# boosting only under load?



## The Ben (Jun 14, 2005)

I know this is a newbieisk question. I have a very good understanding of turbocharging (at least I think I do) but can someone explain to me why you don't boost under load? I am sure it is a very easy answer once you know what the answer is. Thanks.


----------



## NotAnotherHonda (Aug 7, 2003)

please explain what you mean


----------



## wes (Apr 30, 2002)

The Ben said:


> I know this is a newbieisk question. I have a very good understanding of turbocharging (at least I think I do) but can someone explain to me why you don't boost under load? I am sure it is a very easy answer once you know what the answer is. Thanks.

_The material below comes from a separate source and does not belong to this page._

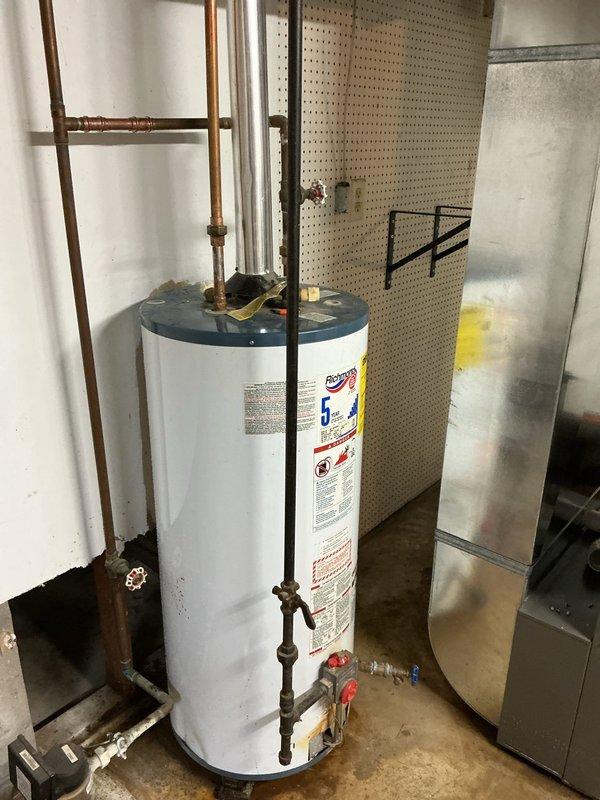 Replaced cracked water heater drain valve that had previously detached twice, causing water to fill the basement. Inspected all connections to ensure proper installation and prevent future leakage.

It is not load it is throttle position and the amount of pressure needed to overcome atmospheric pressure. So until a certain throttle position and RPM you will not overcome atmospheric pressure to create boost.


----------



## chimmike (Oct 17, 2002)

wes said:


> It is not load it is throttle position and the amount of pressure needed to overcome atmospheric pressure. So until a certain throttle position and RPM you will not overcome atmospheric pressure to create boost.

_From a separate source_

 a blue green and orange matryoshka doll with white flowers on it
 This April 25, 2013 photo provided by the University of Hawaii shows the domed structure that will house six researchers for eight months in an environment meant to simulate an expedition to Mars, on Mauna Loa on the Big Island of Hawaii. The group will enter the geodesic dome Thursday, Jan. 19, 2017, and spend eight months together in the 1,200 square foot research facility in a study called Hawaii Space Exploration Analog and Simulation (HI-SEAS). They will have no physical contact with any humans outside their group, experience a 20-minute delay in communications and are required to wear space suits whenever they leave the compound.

which is basically load though. obviously not totally load, but you know.....at 3/4 or full throttle, the engine is under higher load....so I guess we could say the engine will boost under high load based on rpm, while the high load would denote a higher throttle position.


----------



## The Ben (Jun 14, 2005)

So if you were to put the car on jackstands and run the car you would still see boost if you put it to full throttle?


----------



## chimmike (Oct 17, 2002)

no because there's no load to the wheels. When you free rev the tires in the air, there's no force applying against them to make the engine work harder..........you know how this all works?

I'm not quite sure you understand this stuff.


----------



## The Ben (Jun 14, 2005)

Ok i think i get it. There needs to be a big enough load to create pressure to overtake the atmospheric pressure. That makes sense.


----------